A Justice of the Court of Alberta has approved Manitoba-based cannabis company Delta 9’s sanction order and stay extension, SAVO, and ARVO, while rejecting the Canada Revenue Agency’s recent objections to parts of the deal.
The deal includes Delta 9, Fika, SNDL, and Simply Solventless and allows Delta 9 to move closer to closing the book on an extensive process.
The sanction order and stay extension extended the stay until February 28, 2025. This stay of proceedings has been extended on several occasions, starting on September 11, 2024, when the court granted an order that extended the stay period under the ARIO to November 1, 2024. This also approved an amendment to the interim financing terms sheet between the Delta 9 group and Fika. The ARIO approved, among other things, the appointment of a Chief Restructuring Officer, with Delta 9 group borrowing funds from 2759054 Ontario Inc., operating as Fika Herbal Goods.
The judge found that an extension was required to allow for implementing the plan and determining its financial dispute with SNDL Inc.
The application for a Sale Approval and Vesting Order (SAVO) and an Approval and Reverse Vesting Order (ARVO) involved the sale and vesting of certain assets to a numbered company, 6599362 Canada Ltd, the owner of the lands and building known municipally as Building E located on 760 Pandora Ave. East, Winnipeg, Manitoba.
This includes the 95,000-square-foot cannabis cultivation and processing facility in Winnipeg, Manitoba, known as the Bio-Tech Facility. The deal included an amendment to give the Manitoba Ministry of the Environment and Climate Change the right to file a comeback application to vary the terms of the SAVO in respect of any potential environmental remediation obligations.
It also included a December 28, 2024, share purchase agreement (SPA) between Delta 9 Parent, Bio-Tech, and Simply Solventless Concentrates Ltd (SSCL) by which the Delta 9 parent company would sell its shares of Bio-Tech to SSCL as required by the reverse vesting order (RVO) structure.
The Canada Revenue Agency (CRA) recently requested that the stay against Delta Bio-Tech Inc. be lifted to the extent necessary to allow it to assess Delta-9’s CEO, John Arbuthnot, and the company’s other directors for unremitted excise duties before Delta 9’s liability for them is transferred to a new company, ResidualCo.

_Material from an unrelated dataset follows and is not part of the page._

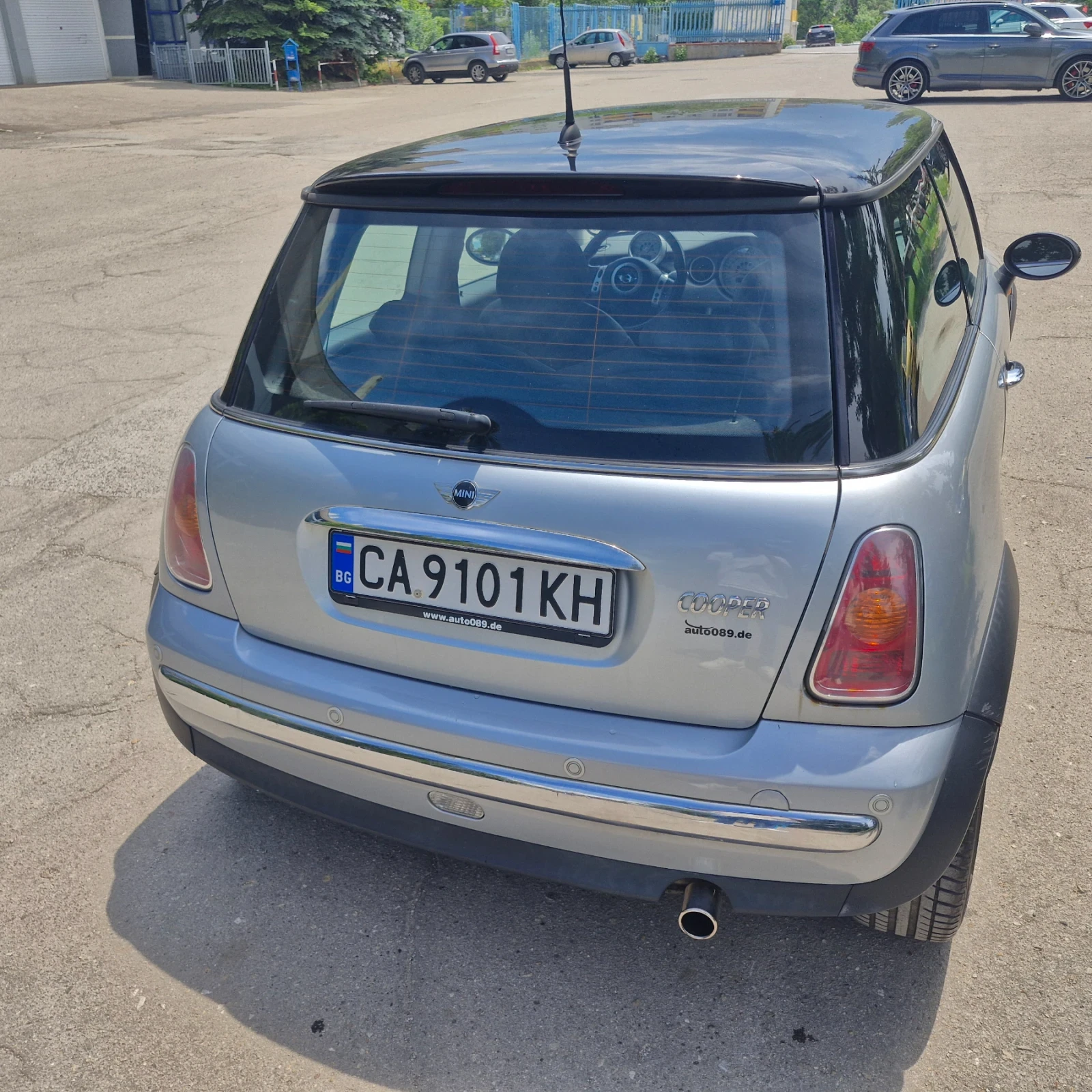 Mini Cooper, снимка 4 - Автомобили и джипове - 54873750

The Justice of the Court, Michael A. Marion, said the CRA submitted its objections too late, and lifting the stay against Delta 9 would negatively harm the associated deals the company is making to address the dire financial situation that led to its filing for creditor protection in July 2024, and also entering into an agreement with FIKA. This was in response to an “aggressive” move by Delta 9’s largest creditor, SNDL Inc, in May 2024.
The judge wrote that the CRA’s request would put all of these deals at risk, further jeopardizing its ability to recoup any of the excise tax it is due.

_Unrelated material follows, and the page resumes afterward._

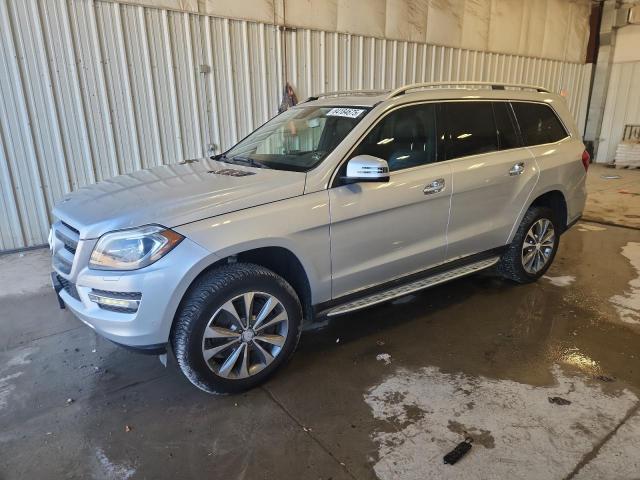 MERCEDES-BENZ GL 450 4MA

“While it is true that Delta 9 misused funds owed to CRA for other purposes,” writes the judge, “it appears to have been to attempt to maintain the business as a going concern during tumultuous times in a new industry. This is not an excuse but is a relevant factor, particularly given that the Arrears appear to have accumulated over an extended period and CRA did not strictly enforce its rights.

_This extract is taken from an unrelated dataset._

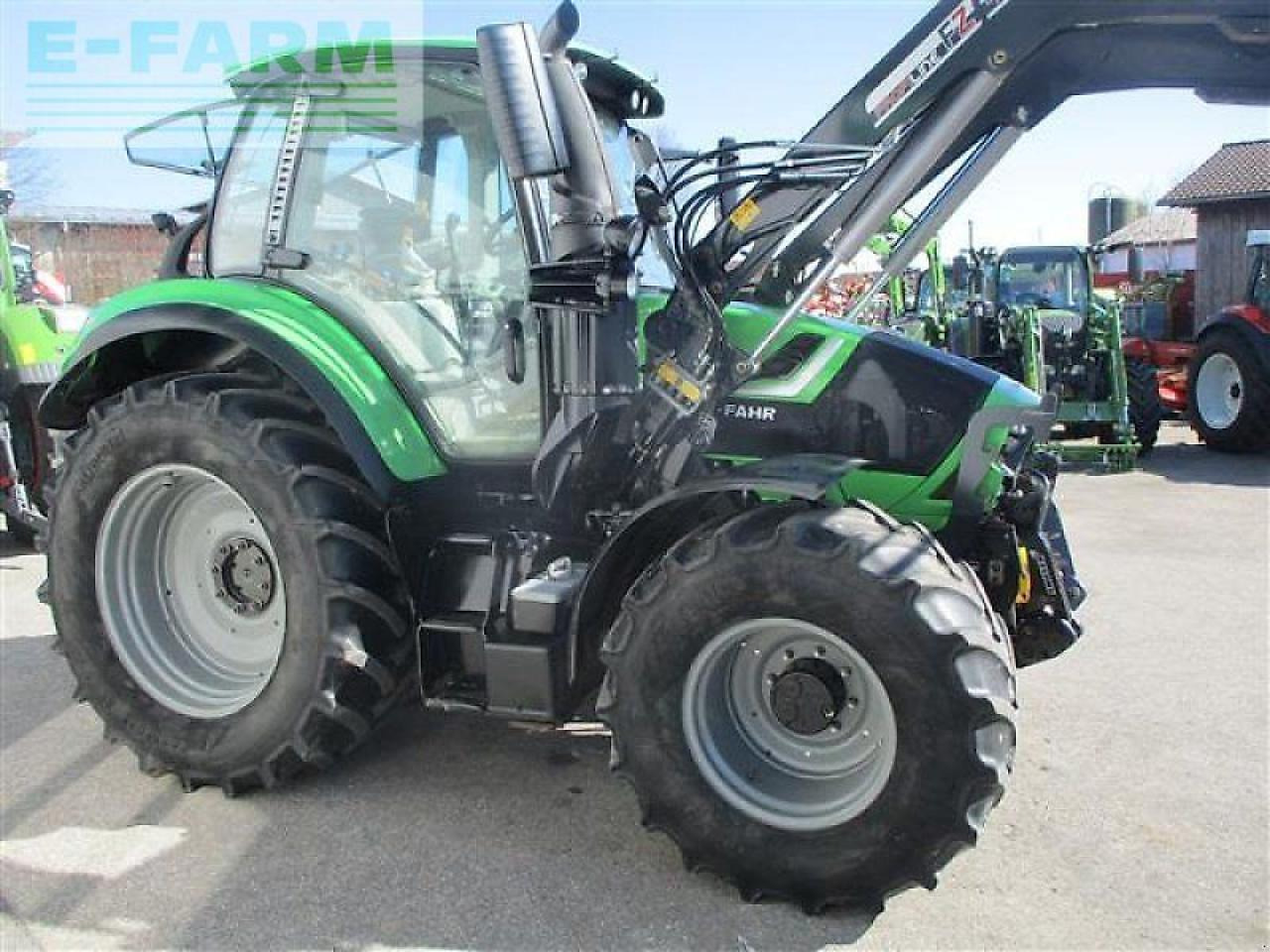 Deutz-Fahr agrotron 6150.4 #846 - Traktor: slika Deutz-Fahr agrotron 6150.4 #846 - Traktor Deutz-Fahr agrotron 6150.4 #846 - Traktor: slika Deutz-Fahr agrotron 6150.4 #846 - Traktor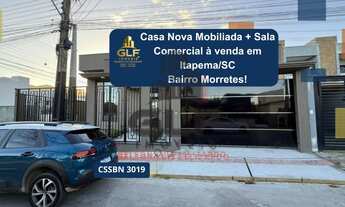 Imagem: Linda Casa Nova Mobiliada Sala Comercial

“In the CCAA proceedings, CRA waited to see how things unfolded, including whether the Bio-Tech SISP process might garner a qualifying bid that would generate CRA better recovery. Then, at the last possible moment, CRA asked the Court to reject the Bio-Tech directors’ release and lift the Stay in its favour without a filed application or supporting evidence. CRA has not proven, on this record, that Arbuthnot or former directors did not act in good faith…The evidence and arguments from other Hearing participants, including the Monitor as court officer, suggests Arbuthnot has been acting in good faith.”